Durante o filme, o que mais chama a atenção é a construção das personagens. Quando a família é apresentada, fica evidente a importância que ela terá no desenvolvimento do filme. A irmã de Gaspard, Coline (Christa Theret), é o grande destaque do núcleo principal. Com uma personalidade excêntrica, ela representa muito bem a dificuldade de se desapegar da infância vivida no zoológico e se abrir para o mundo, tanto pela construção da personagem, quanto pela atuação excelente de Theret, além de proporcionar até mesmo um debate social acerca do meio em que somos criados.

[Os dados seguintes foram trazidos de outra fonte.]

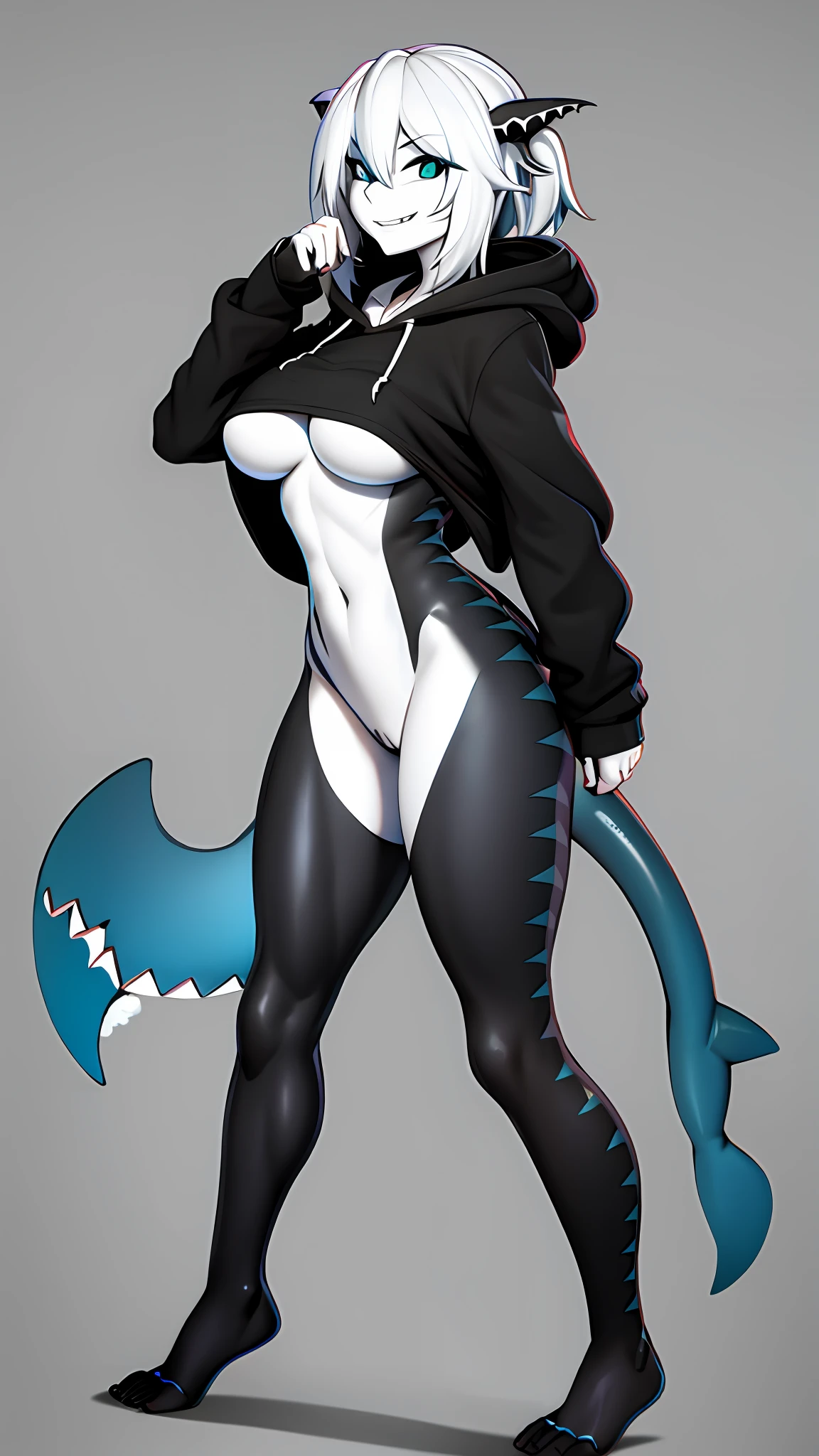 front view, shark, female, small breasts, shark tail,
clothed, hoodie, hoodie only, black clothing, bottomless,,
open smile, smiling at viewer,
detailed, shaded, blurred background,
by alenkavoxis,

Outro ponto trazido por Coline é a estranha relação que ela parece ter com o irmão, muito semelhante a relação dos gêmeos Isabelle (Eva Green) e Theo (Louis Garrel) no clássico filme Os Sonhadores (The Dreamers, 2003). O que se inicia como uma relação incômoda e quase incestuosa, entretanto, torna-se um questionamento sobre as relações fraternais, os sentimentos que elas evocam e as marcas deixadas pela infância.
Apesar da construção bem feita e da abordagem intensa de alguns assuntos que A Excêntrica Família de Gaspard traz, alguns personagens acabam esquecidos e com suas histórias pouco aprofundadas. Como por exemplo Laura, que mesmo sendo uma personagem de importância no filme, não tem uma história aprofundada, de forma que sua presença no longa muitas vezes parece desconexa, já que o público não tem muita certeza de suas origens e de suas motivações para aceitar um acordo tão estranho quanto o proposto por Gaspard.

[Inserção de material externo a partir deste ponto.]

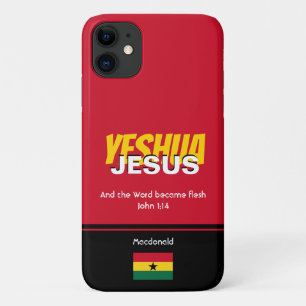 Ghana-Flagge JESUS YESHUA Schriftzug Personalisier Case-Mate iPhone Hülle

A fotografia é outro destaque do longa, complementando muito bem as cenas e os diálogos criados. As cores quando Gaspard está no zoológico são geralmente de um tom amarelado que parece dar o clima certo de nostalgia trazido pela volta do jovem ao lugar onde cresceu. Já nas cenas mais melancólicas, as cenas adquirem tons mais sombrios e opacos. Esse contraste permite que o espectador sinta as sensações de Gaspard: a satisfação de estar de volta ao zoológico após tanto tempo e a tristeza em saber que essas serão suas últimas memórias no lugar.
Dessa forma, A Excêntrica Família de Gaspard surpreende quem espera que o filme seja uma história de amor. Muito mais que um simples romance, o longa retrata o amor e a união familiar, e a dificuldade em deixar as memórias para trás, além de promover diversas reflexões acerca do impacto das relações humanas com a família e com o mundo. Afinal, toda família tem suas excentricidades.